Creamy Mushroom Risotto: Restaurant Quality

Mushroom risotto: master this creamy, flavorful dish at home. Savor tender Arborio rice, earthy mushrooms, and a touch of Parmesan for a gourmet meal.
Prep Time 10 minutes
Cook Time 45 minutes
Total Time 55 minutes
Servings: 4
Course: Main Course
Cuisine: Italian
Calories: 480

Ingredients
  

  • 6-7 cups chicken stock (or vegetable broth)
  • 4 tablespoons butter (divided)
  • 1 lb mushrooms (thinly sliced or quartered/cut into sixths)
  • Salt
  • Pepper
  • 1 tablespoon minced fresh thyme leaves
  • 4 cloves garlic (pressed or minced)
  • 1 large shallot or 1/2 small yellow onion (chopped)
  • 1-1 /2 cups arborio rice (Lundberg recommended)
  • 1/2 cup dry white wine (pinot grigio or sauvignon blanc recommended)
  • 1/2 cup freshly grated parmesan cheese (plus more for serving)

Method
 

  1. Bring the chicken stock to a boil in a medium-size saucepan over high heat then turn the heat down to low and place a lid on top to keep it hot.
  2. Melt 2 Tablespoons butter in a large skillet over medium-high heat.

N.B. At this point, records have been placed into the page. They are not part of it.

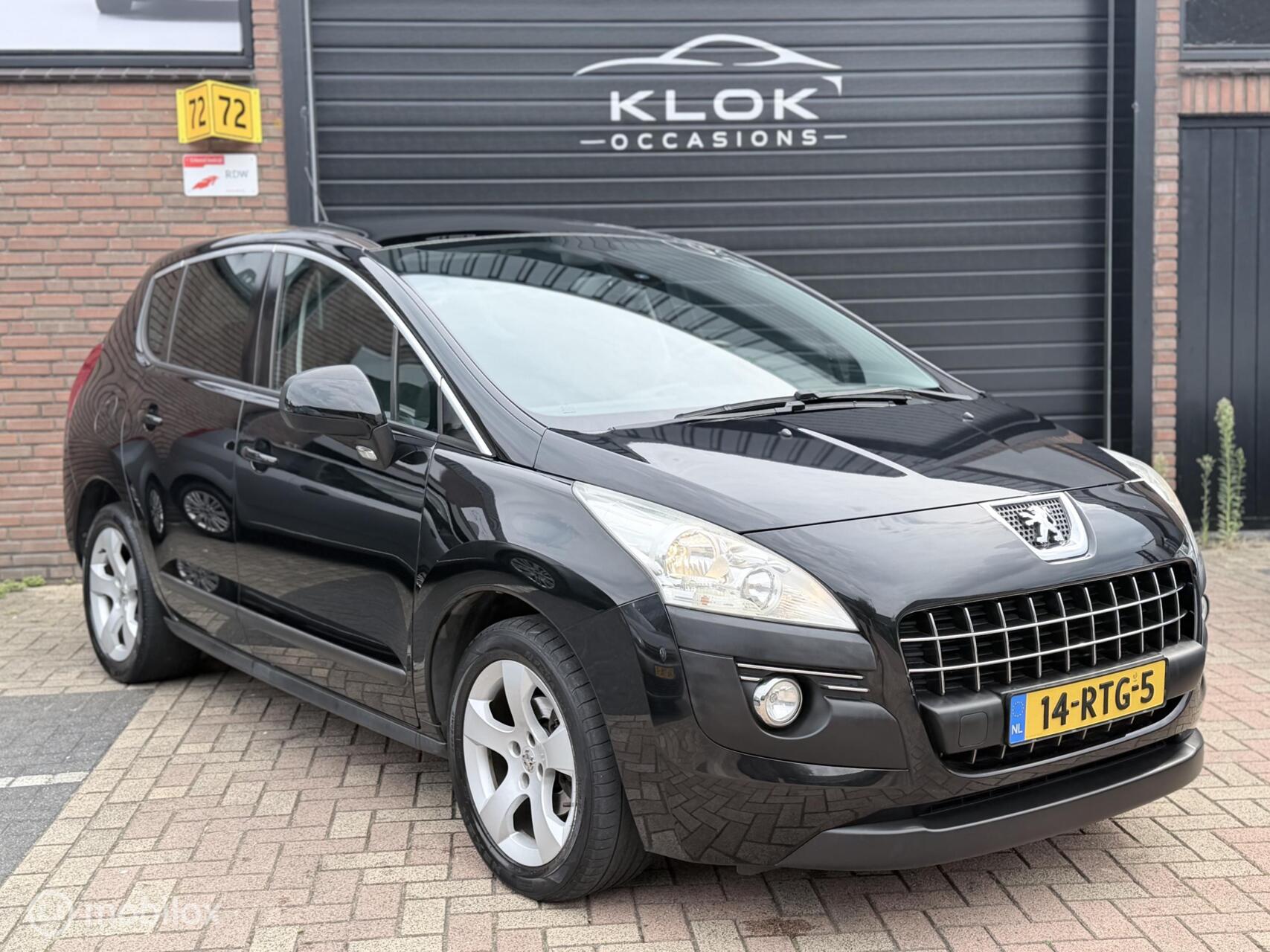 Foto van Peugeot 3008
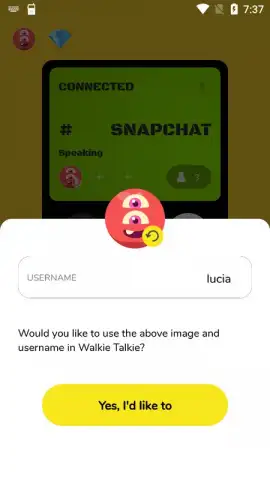 Walkie Talkie скриншот 3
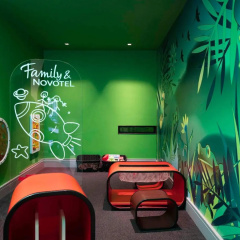 Novotel Amsterdam City - Bild 24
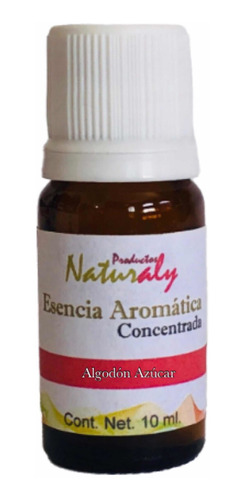 Esencia Aromatica 10 Ml Para Aromaterapia Difusor Jabón Vela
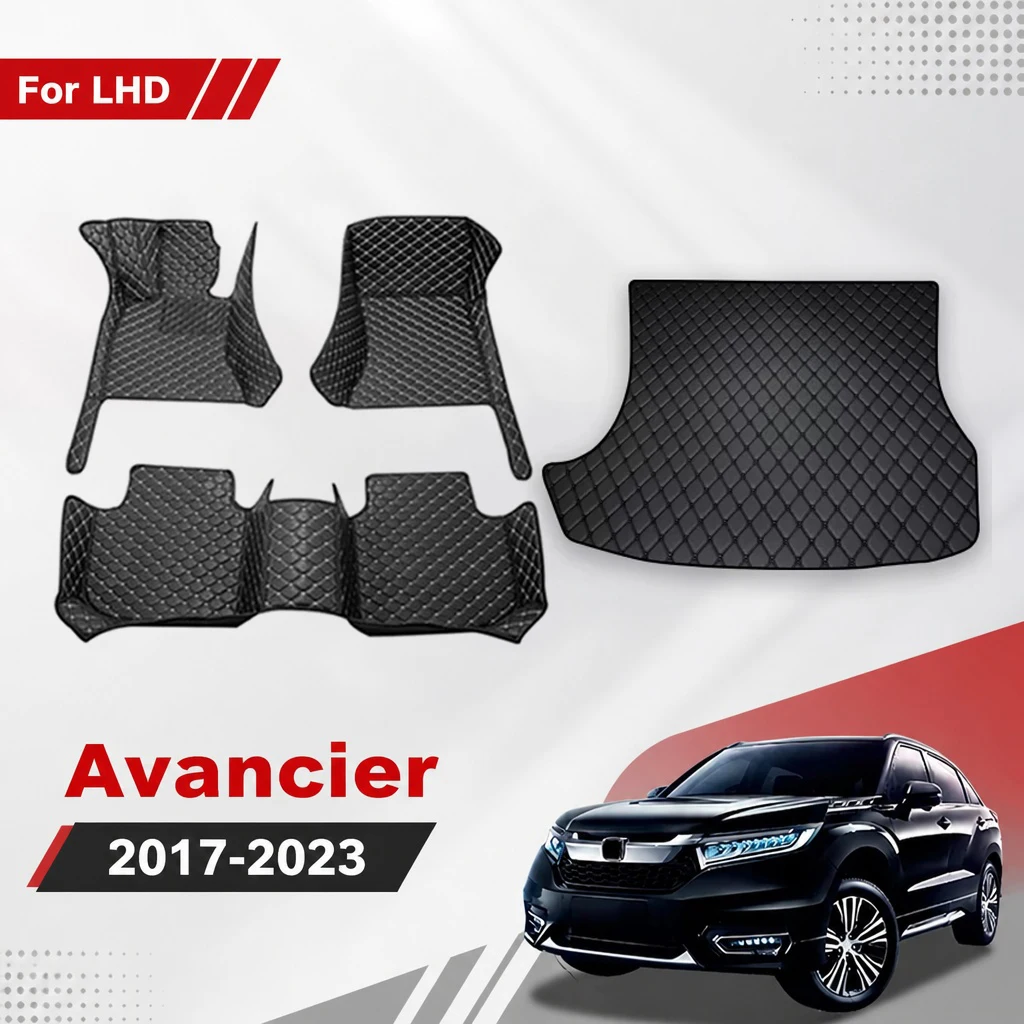 Car Floor Mats Trunk Carpets For Honda Avancier 2017 2018 2019 2020 2021 2022 2023 Covers Auto Interior Accessories Waterproof
Car Floor Mats Trunk Carpets For Honda Avancier 2017 2018 2019 2020 2021 2022 2023 Covers Auto Interior Accessories Waterproof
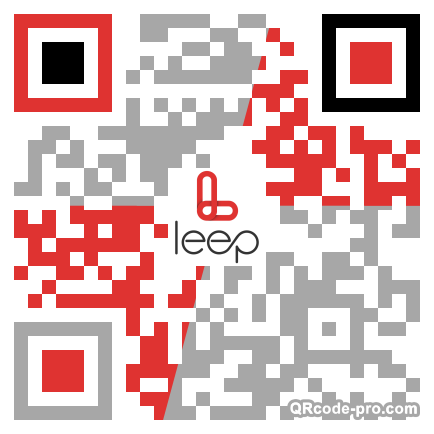 QR code with logo 215u0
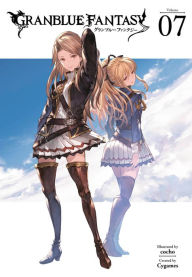 Free j2me books download Granblue Fantasy (Manga) 7 by Cygames (Created by), Cocho RTF MOBI DJVU 9781646511457 English version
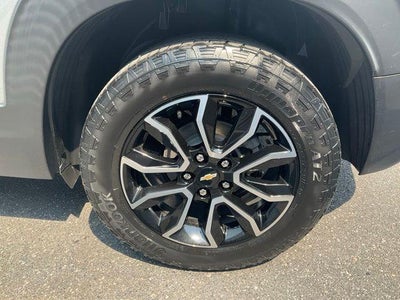 2023 Chevrolet Trailblazer AWD 4dr ACTIV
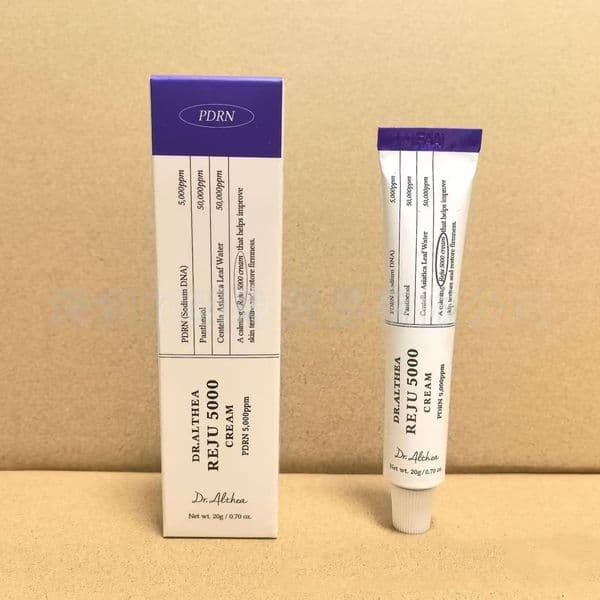 Korean Brand Dr.Althea 345 Relief Cream 147 Barrier Cream Reju 5000 Melaclear Cream To Be Youthful Eye Serum Aqua Marine Watery Cream 345 Relief Mist Skincare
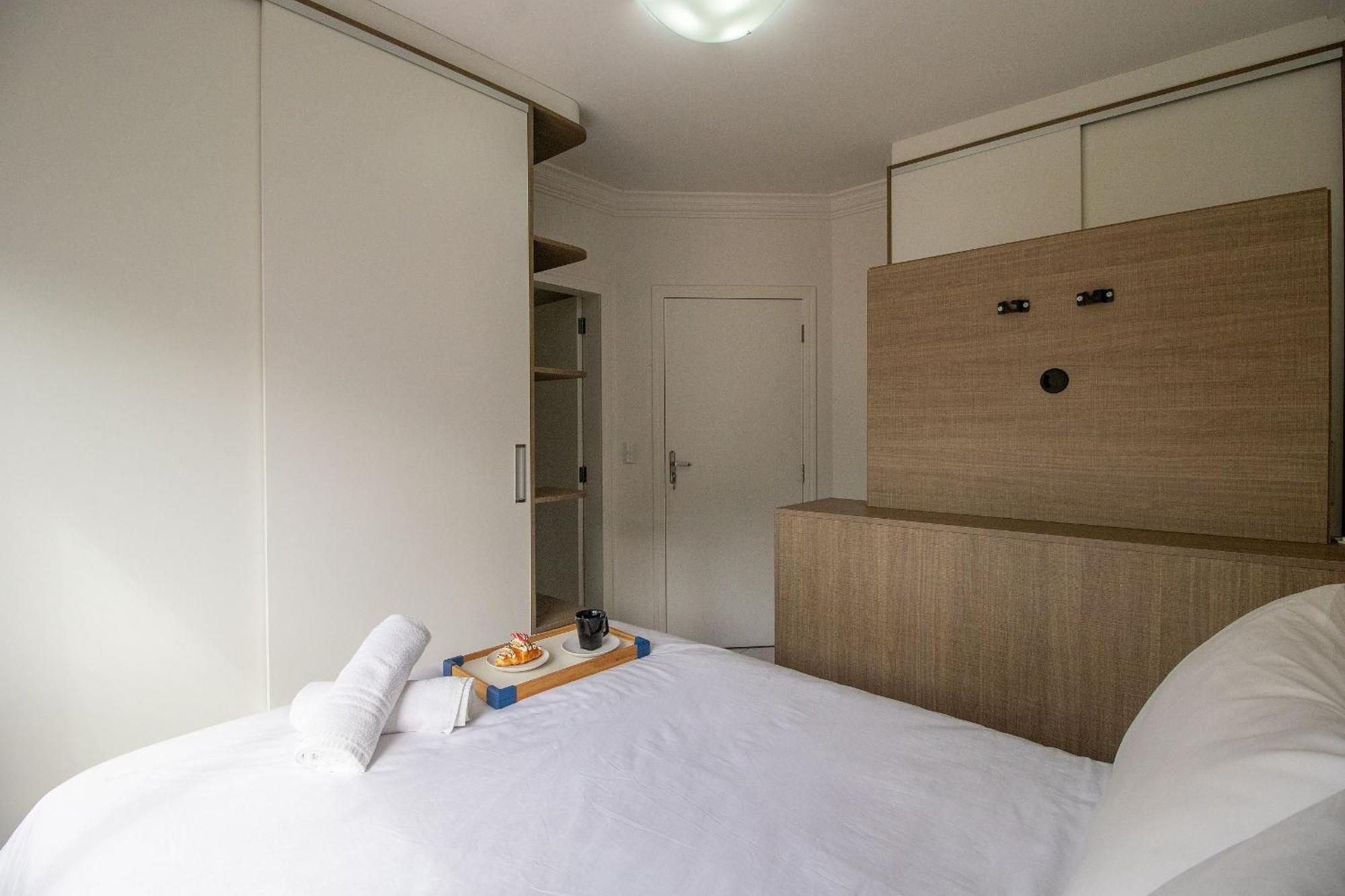 Bk54 - Climatizado, Tv Smart, Conforto, Garagem Balneário Camboriú Exteriér fotografie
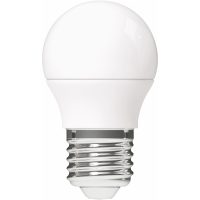 WiFi LED-lampa, Klot, Matt, 5W, E27, 230V, Dim, MB Malmbergs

Add mushrooms and saute for 5 minutes until liquid cooks off. Season, then saute until golden brown (3-4 minutes). Add thyme and half the garlic, saute for 1 minute, then set aside.
  3. Melt the remaining 2 Tablespoons butter in the skillet over medium heat. Add shallots, season, and saute until softened (2-3 minutes). Add the remaining garlic and saute for 1 minute.
  4. Add rice, stir to coat, and cook for one minute. Add wine and stir until absorbed. Continue adding hot stock 1/2 cup at a time, stirring until nearly absorbed, for 35-40 minutes.
  5. When 1 ladleful of stock remains, scrape mushrooms into the skillet and continue stirring. Turn off the heat.
  6. Stir in parmesan cheese and a small amount of lemon juice. Taste and adjust seasoning. Serve immediately with optional truffle powder/oil and extra parmesan.

Notes

- Use a wide, heavy-bottomed skillet to ensure even cooking and evaporation.
- Add hot stock gradually, allowing each ladleful to be fully absorbed before adding the next; this is key to creamy mushroom risotto.
- Don't overcook the rice! It should be al dente, meaning still firm to the bite but not hard.
- For a richer flavor, consider using dried porcini mushrooms rehydrated in hot water, adding their soaking liquid (strained) along with the chicken stock.
Nutrition information is an estimate, calculated automatically. Values vary with brands, substitutions and portion sizes.